Available records.
*** Block opens ***

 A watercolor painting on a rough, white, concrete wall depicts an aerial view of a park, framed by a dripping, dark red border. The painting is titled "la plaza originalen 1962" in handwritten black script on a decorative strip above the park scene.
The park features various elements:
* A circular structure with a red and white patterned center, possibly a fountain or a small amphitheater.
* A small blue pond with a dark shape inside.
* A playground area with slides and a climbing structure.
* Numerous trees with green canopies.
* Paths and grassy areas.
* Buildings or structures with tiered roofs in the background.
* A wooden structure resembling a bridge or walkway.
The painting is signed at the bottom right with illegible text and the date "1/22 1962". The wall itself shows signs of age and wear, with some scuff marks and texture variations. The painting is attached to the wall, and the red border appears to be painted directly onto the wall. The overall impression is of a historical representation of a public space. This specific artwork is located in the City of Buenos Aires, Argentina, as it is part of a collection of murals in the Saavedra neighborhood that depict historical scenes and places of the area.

*** Block closes ***
*** Block opens ***

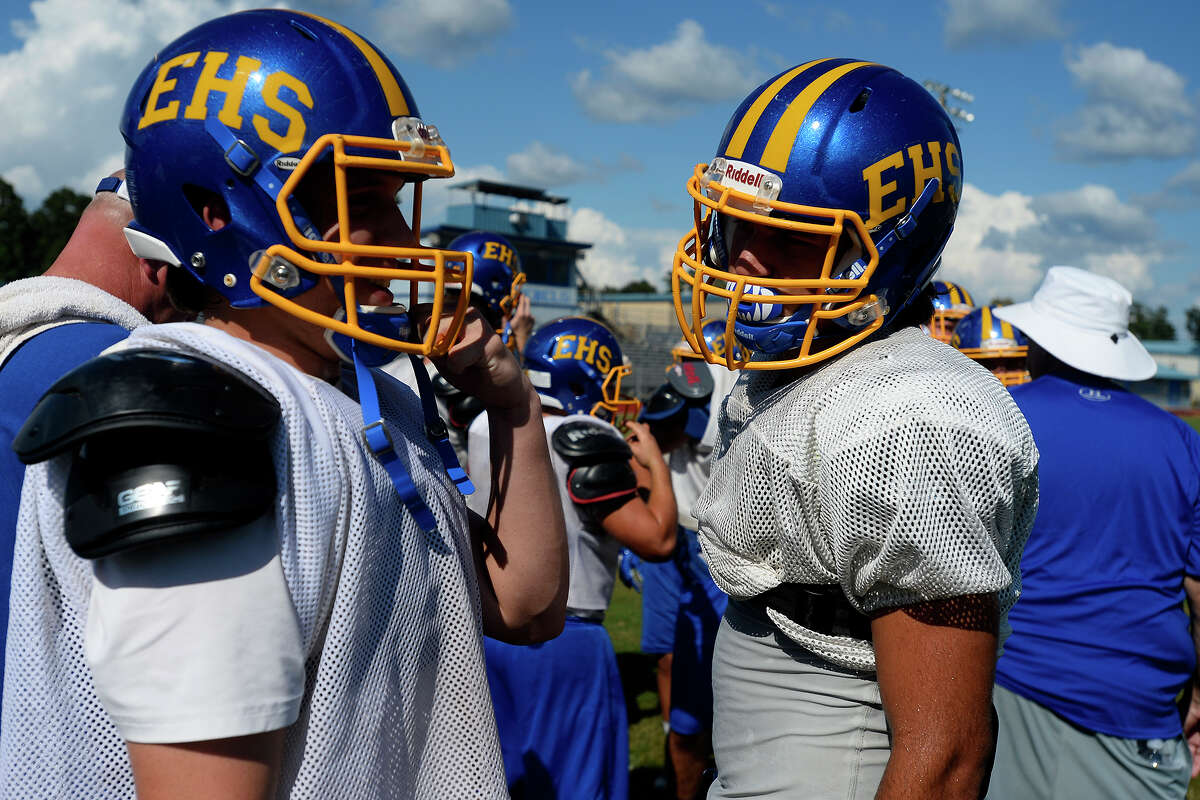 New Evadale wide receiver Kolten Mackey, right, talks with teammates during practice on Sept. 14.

*** Block closes ***

Task description. Working from the material above, retype exactly the lines from the one with "dark shape inside." through the one with "The painting is signed", both included, and only those lines.

Reply.
* A small blue pond with a dark shape inside.
* A playground area with slides and a climbing structure.
* Numerous trees with green canopies.
* Paths and grassy areas.
* Buildings or structures with tiered roofs in the background.
* A wooden structure resembling a bridge or walkway.
The painting is signed at the bottom right with illegible text and the date "1/22 1962". The wall itself shows signs of age and wear, with some scuff marks and texture variations. The painting is attached to the wall, and the red border appears to be painted directly onto the wall. The overall impression is of a historical representation of a public space. This specific artwork is located in the City of Buenos Aires, Argentina, as it is part of a collection of murals in the Saavedra neighborhood that depict historical scenes and places of the area.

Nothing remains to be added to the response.